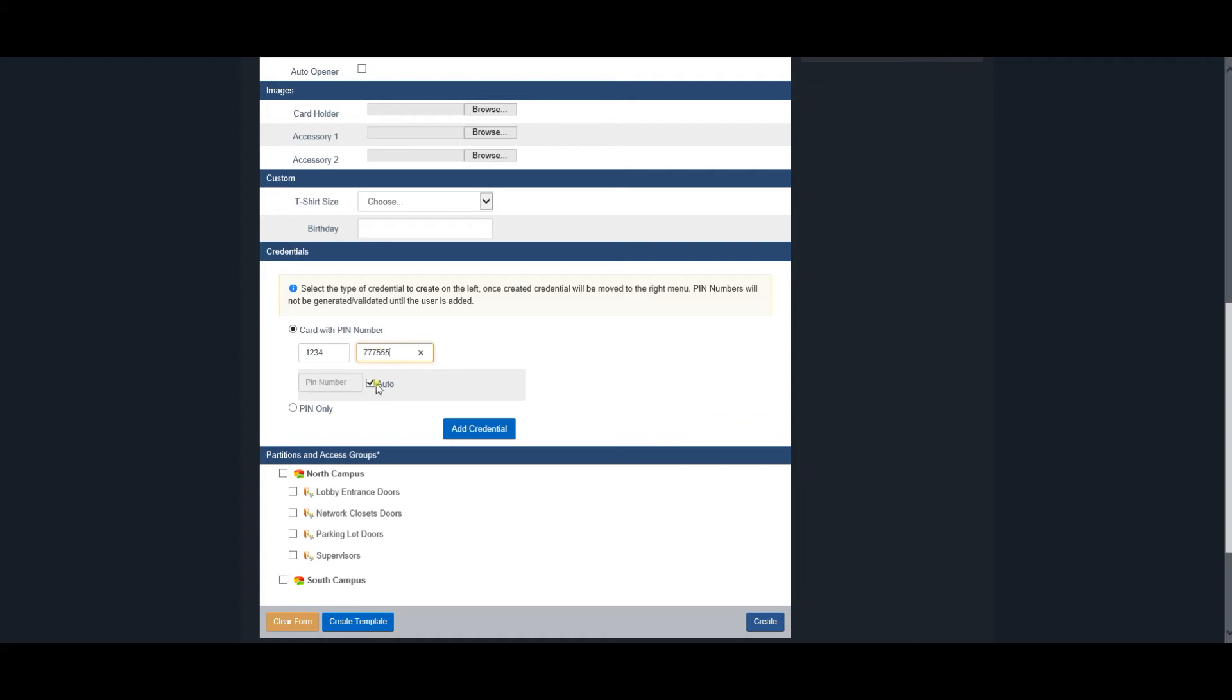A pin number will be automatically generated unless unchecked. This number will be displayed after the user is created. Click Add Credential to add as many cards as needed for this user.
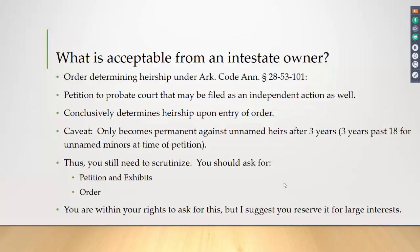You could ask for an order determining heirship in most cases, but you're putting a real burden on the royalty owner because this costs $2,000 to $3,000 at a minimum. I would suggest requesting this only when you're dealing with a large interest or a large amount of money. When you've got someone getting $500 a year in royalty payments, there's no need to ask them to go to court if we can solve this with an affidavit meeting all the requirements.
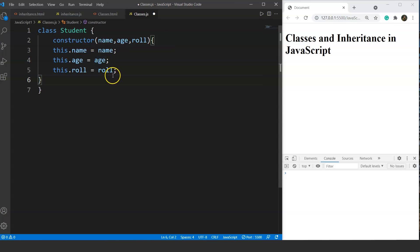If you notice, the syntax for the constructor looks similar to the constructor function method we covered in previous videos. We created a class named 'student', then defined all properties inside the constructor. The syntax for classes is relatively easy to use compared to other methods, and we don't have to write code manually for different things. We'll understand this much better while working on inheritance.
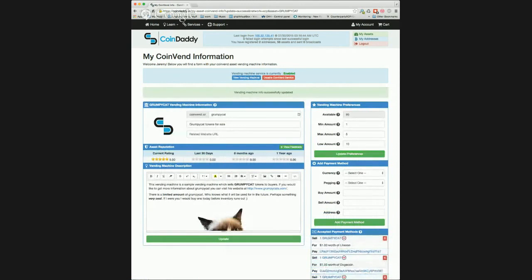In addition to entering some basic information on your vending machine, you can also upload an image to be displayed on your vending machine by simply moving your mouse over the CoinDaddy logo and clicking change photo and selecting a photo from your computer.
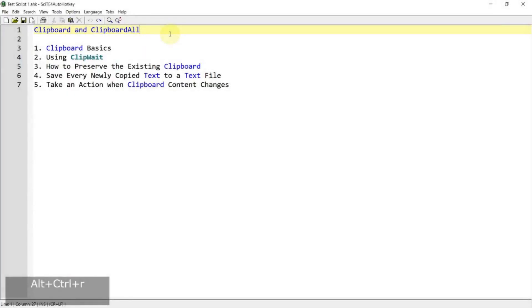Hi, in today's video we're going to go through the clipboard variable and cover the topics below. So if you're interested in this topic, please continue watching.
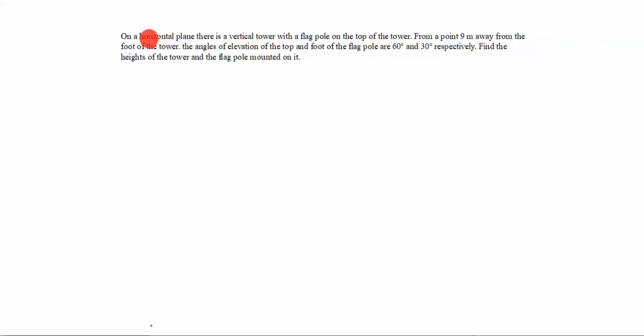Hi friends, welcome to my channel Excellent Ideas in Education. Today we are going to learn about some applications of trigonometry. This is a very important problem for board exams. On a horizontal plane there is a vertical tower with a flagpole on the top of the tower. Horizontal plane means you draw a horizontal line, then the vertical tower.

+++

_TASK INSTRUCTIONS_.
Your copy should match the data exactly, apart from the images, which are dropped.

_ANSWER SECTION_.
A pin number will be automatically generated unless unchecked. This number will be displayed after the user is created. Click Add Credential to add as many cards as needed for this user.
You could ask for an order determining heirship in most cases, but you're putting a real burden on the royalty owner because this costs $2,000 to $3,000 at a minimum. I would suggest requesting this only when you're dealing with a large interest or a large amount of money. When you've got someone getting $500 a year in royalty payments, there's no need to ask them to go to court if we can solve this with an affidavit meeting all the requirements.
If you notice, the syntax for the constructor looks similar to the constructor function method we covered in previous videos. We created a class named 'student', then defined all properties inside the constructor. The syntax for classes is relatively easy to use compared to other methods, and we don't have to write code manually for different things. We'll understand this much better while working on inheritance.
In addition to entering some basic information on your vending machine, you can also upload an image to be displayed on your vending machine by simply moving your mouse over the CoinDaddy logo and clicking change photo and selecting a photo from your computer.
Hi, in today's video we're going to go through the clipboard variable and cover the topics below. So if you're interested in this topic, please continue watching.
Hi friends, welcome to my channel Excellent Ideas in Education. Today we are going to learn about some applications of trigonometry. This is a very important problem for board exams. On a horizontal plane there is a vertical tower with a flagpole on the top of the tower. Horizontal plane means you draw a horizontal line, then the vertical tower.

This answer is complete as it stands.